打完油菜籽后,把空空的油菜秸秆堆在一边。
油布上面是一层厚厚的碎荚空壳和油菜籽,尚未分出来。
女人和孩子用筛子进行筛选,把多余的菜荚壳筛出来。
筛着筛着,身后的碎荚空壳堆得越来越高,油布里的却越来越少,而乌黑发亮的油菜籽越来越多。
再用一个细密的小筛子筛出干净的油菜籽,用簸箕把油菜籽倒在小筛子上,一人迎风来筛。
风一吹,细细碎碎残余的油菜荚屑随风斜斜飘落在竹匾外,黑亮亮、圆溜溜油菜籽像雨滴一样径直落在铺好的竹匾里。

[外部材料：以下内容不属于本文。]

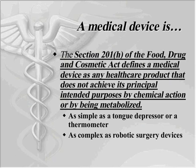A medical device is, as defined by the FDA, any healthcare product that does not achieve its principal intended purpose by chemical action or by being metabolized. It could be as simple as a tongue depressor or thermometer, or as complex as a robotic surgery device.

打油菜籽的日子总是艳阳高照,看人们汗水不停地流,真的很是辛苦。
一袋袋的油菜籽在田头矗立着。尽管劳作是辛苦的,但当人们把一袋袋沉甸甸的油菜籽挑到回家的时候,邢承恩看到人们脸上满足的神情。
晒谷场上,油菜籽经过烈日烘烤几天后,大家便把油菜籽卖给粮管所。
在田间地头,到处可看见人们收割菜籽的景象,菜籽源源不断进入粮管所,邢承恩搞出图纸,匠人们弄出来了收割机,和旋耕机有些像。

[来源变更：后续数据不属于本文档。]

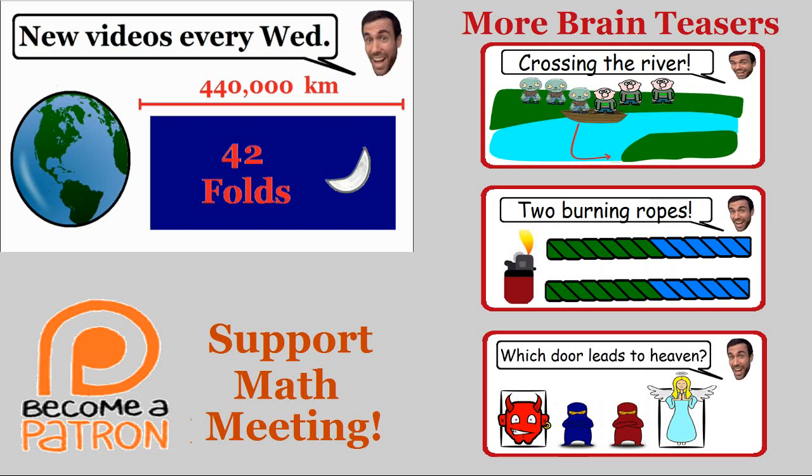Let me know what you thought about this brain teaser in the comments below. Did it blow your mind knowing that a piece of paper only needs to be folded 42 times to reach the moon, or did you think this was boring or too easy? I hope you enjoyed it and I will see you in my next video.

于是众人看到了油菜田中,一匹马拖着一个外形有点古怪的东西,人坐在那上面,随着马的拖曳那玩意一边的几片“大刀”不停的旋转着,随着“大刀”的转动,成片的油菜杆倒下了。
跟着李老实干活的李铁惊讶道。
“阿爷,那是啥?”
“收割机?邢大人让研发部搞出来的,还是马拉的。”
“收,收割机?”
李铁惊讶的看着那台收割机,看着在移动时将大片的油菜杆轻轻松松的割下来速度,这样的一台机子至少能顶几十个人吧!
“这,这收庄稼也能用机器?”
“没想到吧,我告诉你,你想不到的事情,还多呢,一会儿你看到铁牛那才叫震撼呢!”
李老实得意的告诉孙子:
“等到了垦区,再让你开开眼…”
收割完的地块会被拖拉机立即耕整出来,这不仅减轻了农民的劳动强度,而且加快了收割和耕种下一季粮食的进度。

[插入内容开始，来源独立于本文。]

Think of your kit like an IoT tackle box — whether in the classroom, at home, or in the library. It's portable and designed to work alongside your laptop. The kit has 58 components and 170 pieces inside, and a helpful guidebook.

冒着黑烟的蒸汽拖拉机也成了众人围观的对象,铁牛之名成了大家这几天说的最多的词,但是李铁还没有亲眼见过。
半个小时后,甚至还不等他们到耕地,就看到了一个喷吐着黑烟的“怪物”正徐徐于田间驶过。
在震耳欲聋的汽笛声中,他们险些从马车上摔下来……
看到新人来了,正在为蒸汽拖拉机加压的拖拉机手吕向文脸上露出些坏笑,他随手拉动了汽笛。
“嘟……”
震耳欲聋的汽笛声响彻云霄,刚到田里的人们,顿时被吓了一跳。
还不等他们回过神来,下一瞬间,蒸汽拖拉机动了。
“哎呀,?我的娘嘞……”
瞬间,一起的刘老大就被吓的一屁股坐在地上,惊愕道。